So there is no evidence that the electron is anything but a point particle, yet a non-zero size has not been ruled out either.
New Measurement of the Electron Magnetic Moment Using a One-Electron Quantum Cyclotron Phys. Rev. Lett. 97, 030801 (2006) (more-official link) shows that any radius of the electron is less than $10^{-18}$ meters.
See also the related webpage Limit on Electron Substructure
Solution 2:
Atoms are composed of a positively charged nucleus and an outer shell of negatively charged electrons. When two atoms come into close proximity, their electron shells repel, preventing the atoms from sharing the same space. The "volume" of an object can generally be understood as the total measure of space that is unavailable for other objects to occupy, as the electron shells of the atoms of the two objects would repel, preventing the intruding object from entering that space.
This macroscopic conception does not apply to an electron. However, there are other measures of an electron that can be considered analogous to the dimensions of macroscopic objects. For instance, quantum mechanics states that all objects exhibit both wave-like and particle-like behavior (although, for larger objects, the wave-like behavior is insignificant). When an electron is analyzed as a wave, that wave has a wavelength, which is called the electron's "de Broglie wavelength". There is also a phenomenon called Compton scattering for which there is a characteristic length that is used in modeling the interaction between a photon and an electron. One could also ask "For what distance would putting two electrons at that distance require more energy than the mass-energy of the electrons?"
All of these, as well as other quantities, can in various sense be considered the "size" of an electron. To what extent these quantities "actually are" the electron's size is a matter of opinion. Some people consider one or more of these quantities to be the size, without any qualification, some consider them to be merely analogous to the concept of size, and others consider them to simply be quantities that are completely distinct from the macroscopic concept of size.

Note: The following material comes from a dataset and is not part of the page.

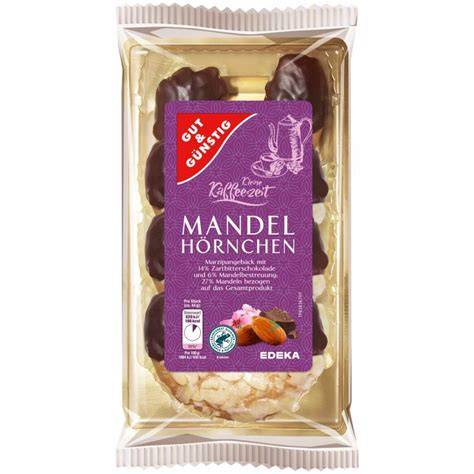 Auswahl an Marzipangebäck: Mandelhörnchen, Marzipankartoffeln, Mozartkugeln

One thing to realize about science is that we use various words in everyday language without bothering to come up with a precise definition of what those words mean. We just have an intuitive sense of the general meaning of words. So when we start doing science, we build off of everyday language, taking everyday words as inspiration for precise terms, but we often have definitions that can be more or less precise than everyday meanings, or only loosely connected. For instance, "energy" in everyday meaning can refer to a wide array of concepts, such as "optimism", "enthusiasm", "friendliness", etc., but in physics it's much more precise. "Salt", on the other hand, in everyday meaning refers specifically to table salt, but in chemistry it is used more generally for ionic compounds. Words can have different definitions that are equivalent in everyday use, but they are distinct when we try to apply them to more exotic situations.
So while "Do electron have volume" may sound like an objective question, if we really look at it, it has to be understood as "Do electrons have a property that corresponds to the 'normal' concept of 'volume'?", and that question depends on how exactly one understand the "normal" definition of volume, how one defines that concept precisely, how one extends that concept to the microscopic realm, and what one considers to be a valid "correspondence".

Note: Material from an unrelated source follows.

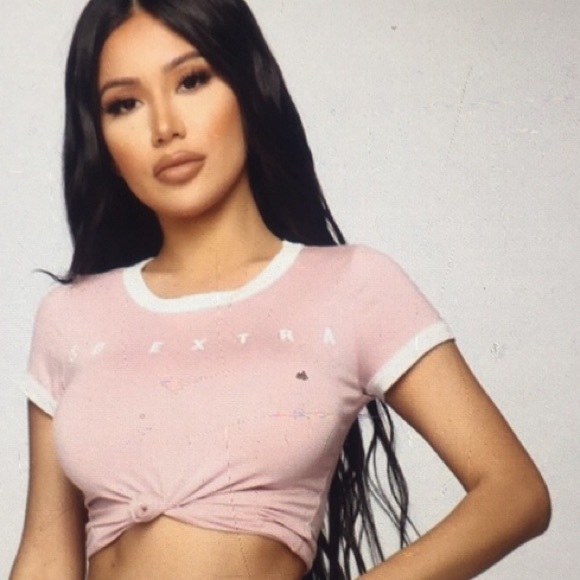 Fashion Nova Tops - So Extra Fashion Nova Tee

It is generally accepted that physical laws are the same regardless of direction, and other than spin and some narrow symmetry breaking, electrons haven't been found to act different depending on direction. Which implies that electrons don't have a "shape" in the sense of "looking different" from different direction. So, if they are modeled as having a shape, it makes sense to have that shape be a sphere, possibly pictured with a vector representing spin.

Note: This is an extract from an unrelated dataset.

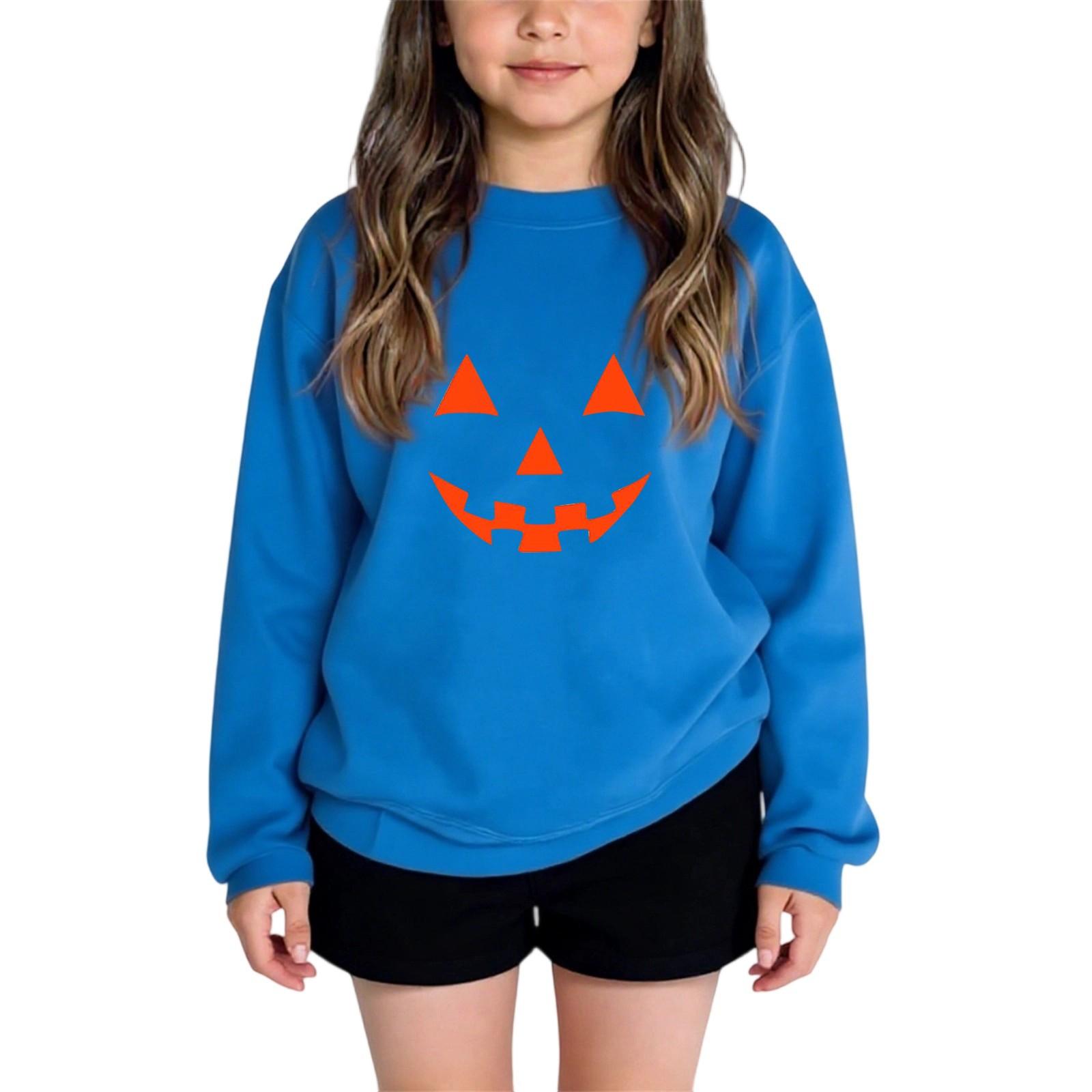 

Детские модные повседневные универсальные повседневные толстовки с круглым вырезом для мальчиков и девочек, повседневные лоскутные топы с длинными рукавами, свитшоты 130 синий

Also, saying that they "revolve" around the nucleus is a simplification. Position and velocity are, somewhat like volume, concepts for which there are rough analogues in quantum mechanics, but they aren't quite the same. In a spherical orbital, an electron has a certain probability of being observed at each location, and this probability is the same for all points at the same distance from the nucleus. So even though the electron has a quantity that is referred to as "velocity", it is some sense not moving (in the sense that the probability of it being found in a particular location is not changing over time). Even though the electron's wavefunction is "moving", the magnitude of the wavefunction is not changing, and so it is both moving in one sense, and not moving in another. Actually explaining this clearly requires getting into quantum mechanics.
Solution 3:
Missing from detailed answers above, in wikipedia page on electron https://en.wikipedia.org/wiki/Electron ,
Observation of a single electron in a Penning trap suggests the upper limit of the particle's radius to be $10^{−22}$ meters.